The following is an excerpt from the brilliant new take-down of famed French “philosopher” Bernard Henri-Lévy by Jade Lindgaard and Xavier de la Porte. Titled The Impostor: BHL in Wonderland, the book is part of the recently inaugurated Verso Counterblasts series. The excerpt was published at Al Jazeera.
On June 5, 2011, nearly three months into the war against the Gaddafi regime, the Libyan rebel forces issued a corrective communiqué referring to Bernard-Henri Lévy. It said that the National Transitional Council (NTC), the political body representing the insurgents fighting the Tripoli regime, “vehemently rejects what has been reported in some media as Mr Bernard Lévy’s comments on the future relationship between Libya and the Israelis”. The communiqué continued: “The NTC is surprised by Mr Lévy’s comments,” and – an intriguing detail – “Mr Lévy was received as a special envoy from the president of France, and relations with Israel were never discussed.”

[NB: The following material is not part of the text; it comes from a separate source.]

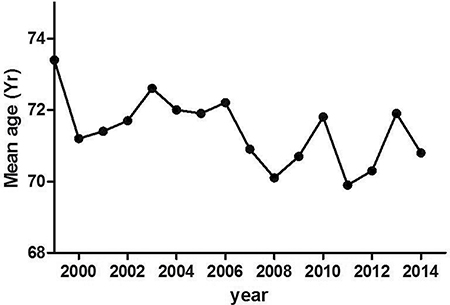 Trend of mean age of PCa patients detected by prostate biopsy over the years.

What was going on? The event had passed unnoticed at first, but three days earlier, Agence France Presse (AFP) had come up with a considerable scoop if turned out to be authentic. A real breakthrough in the history of relations between Israel and the Arab countries: the NTC was apparently prepared to recognise the state of Israel and maintain “normal relations” with it. That was the “verbal message” that Bernard-Henri Lévy had come to deliver to the Israeli prime minister, Binyamin Netanyahu, on behalf of the Libyan Council.
The future regime “will be a moderate and anti-terrorist regime, concerned with both justice for the Palestinians and security for Israel”. At least, that is what the French writer told the press agency. The Israeli head of government’s services limited themselves to confirming the meeting, without saying anything on its content.
But the diplomatic thunderclap fell flat. In reality it had been an enormous faux-pas by the French writer. The NTC did not beat about the bush. “Libya is a member of the Arab League and the Organisation of the Islamic Conference,” the communiqué continued.
“These two organisations have a very solid and clear position on the Palestinian question. With this in mind, Libya firmly commits to the already firm position taken by the Arab world on the Palestinian question, and will support the aspirations of the Palestinian people to achieve their inalienable rights and their desire to establish an independent state with Jerusalem as its capital.”
Radically opposed to Muammar Gaddafi the insurgents might be, but they were not ready to mark their differences with him by entering into official relations with Tel Aviv.
“As I’m Jewish, and a friend of Israel…” Even on Al Jazeera, where he introduced himself with those words in March 2011, Bernard-Henri Lévy has never hidden his support for the Israeli state. It is a constant in his public utterances, whether made in France, the US or Israel.
“He’s one of the great defenders of Israel, and he does it in fine, resonant language and with great physical courage, and I believe that that is how he is perceived here,” we were told from Jerusalem by Claude Sitbon, a sociologist and historian who knows the Israeli francophone community well.
The writer often goes there to give talks. He has an honorary doctorate from Tel Aviv University and another from the Hebrew University of Jerusalem, in addition to the Scopus Prize awarded by the French community of the latter establishment.
A zealous spokesman
His rare social dexterity – unique for a French intellectual – gave him access to the top ranks of the Israeli Defence Forces (IDF, also known by the Hebrew acronym, Tzahal), which found in Bernard-Henri Lévy one of their most zealous spokesmen. Indeed it is not unreasonable to suggest that over the years a close collaboration has been established between the writer and the IDF staff.
In January 2009, aiming to report on the Tzahal offensive in the Gaza Strip, he travelled “embedded … with an elite unit”, as he put it in an article published on three continents. So he describes entering after dark, accompanied by a major and four reservists, the Abasan al-Jadida district “in the suburbs of Gaza City”, and rejoicing not to find the sort of wholesale destruction visited on the city of Grozny, in Chechnya, or some parts of Sarajevo. The implicit message was that Israeli shelling had not been as destructive as claimed.
In fact, however – according to Le Monde’s Israel correspondent Benjamin Barthe – he was not in the outskirts of the Gaza capital at all, but in “a big village, more than 20 kilometres south of Gaza”. Contrary to what Lévy seems to believe, Abasan al-Jadida is not a suburb of Gaza City.